● TASK OBJECTIVE: Only reproduce the lines from the line containing "Tractor Deutz Fahr Agrotron 85 - Image 7" onward, exactly, through the final line of the data below.

::: DATA FOR ANALYSIS

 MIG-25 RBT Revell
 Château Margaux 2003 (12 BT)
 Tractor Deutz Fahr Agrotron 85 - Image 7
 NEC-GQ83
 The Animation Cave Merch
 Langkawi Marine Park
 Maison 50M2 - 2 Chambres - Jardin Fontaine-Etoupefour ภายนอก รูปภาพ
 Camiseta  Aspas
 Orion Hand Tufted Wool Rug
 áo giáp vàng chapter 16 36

::::::

● EXPECTED OUTPUT:
 Tractor Deutz Fahr Agrotron 85 - Image 7
 NEC-GQ83
 The Animation Cave Merch
 Langkawi Marine Park
 Maison 50M2 - 2 Chambres - Jardin Fontaine-Etoupefour ภายนอก รูปภาพ
 Camiseta  Aspas
 Orion Hand Tufted Wool Rug
 áo giáp vàng chapter 16 36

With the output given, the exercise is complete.